For a long time after my daughter was born, I looked for representations of motherhood everywhere. I looked for it in casual interactions with other mothers in the park and on the street, I looked for it with friends, in mothers’ groups and on the screen. I looked for it in my memories of mothers (including my own), and I looked for it in books. In the first six-weeks or so after my daughter was born I tore through Elisa Albert’s After Birth and Rachel Cusk’s A Life’s Work. I remember them like balm, even though I cannot remember much of the content of either book now. I read and re-read Maya Angelou, Marguerite Duras, Julia Kristeva, Maggie Nelson and Adrienne Rich all of whom I had read before but reading them as a mother felt different. I read Elena Ferrante for the first time and was in awe at the way she wrote about mothers. I read Deborah Levy’s fiction and nonfiction and thought her novel Hot Milk would have been more satisfying had it been a nonfiction account of the central mother-daughter relationship (reading into that novel Levy’s complicated relationship with her mother). I heard the poet Rachel Zucker interviewed about her book MOTHERs on a parenting podcast and when I bought that book, I tore through it too. Again, balm. I read Jacqueline Rose’s Mothers: An Essay on Love and Cruelty and though aspects of the book annoyed me, I was grateful for it. 
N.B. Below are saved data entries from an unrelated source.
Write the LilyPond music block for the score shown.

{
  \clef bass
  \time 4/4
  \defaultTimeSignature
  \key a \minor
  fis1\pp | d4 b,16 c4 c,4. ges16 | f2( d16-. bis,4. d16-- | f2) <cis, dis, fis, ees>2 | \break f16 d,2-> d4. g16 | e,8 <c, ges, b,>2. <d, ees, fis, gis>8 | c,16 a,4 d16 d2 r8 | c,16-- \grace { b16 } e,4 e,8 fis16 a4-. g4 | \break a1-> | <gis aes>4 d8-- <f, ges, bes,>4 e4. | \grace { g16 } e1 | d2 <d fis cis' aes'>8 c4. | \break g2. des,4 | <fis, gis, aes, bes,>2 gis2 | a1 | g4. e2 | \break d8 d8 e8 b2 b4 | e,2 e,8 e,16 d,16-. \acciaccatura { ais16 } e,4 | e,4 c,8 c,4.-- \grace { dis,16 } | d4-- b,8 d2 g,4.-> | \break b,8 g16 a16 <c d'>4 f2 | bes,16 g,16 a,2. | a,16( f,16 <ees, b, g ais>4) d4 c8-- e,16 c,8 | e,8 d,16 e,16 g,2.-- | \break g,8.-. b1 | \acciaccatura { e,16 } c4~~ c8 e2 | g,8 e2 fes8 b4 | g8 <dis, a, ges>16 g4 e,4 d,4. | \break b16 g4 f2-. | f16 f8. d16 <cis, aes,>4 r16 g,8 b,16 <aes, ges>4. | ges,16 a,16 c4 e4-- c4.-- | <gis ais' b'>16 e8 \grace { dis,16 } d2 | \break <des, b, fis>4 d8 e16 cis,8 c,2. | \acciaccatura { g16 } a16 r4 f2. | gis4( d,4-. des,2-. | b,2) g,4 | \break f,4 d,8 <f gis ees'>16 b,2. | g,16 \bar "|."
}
This year, I have been reading Astrid Lorange’s Labour and Other Poems, Amy Brown’s Neon Days and L K Holt’s Birth Plan all of which are oriented by the writer’s experience and observations of motherhood. I use the present perfect continuous ‘have been’ deliberately, because in many ways the reading of all three of these collections has been characterised by dipping in-and-out of, circling back, and re-reading.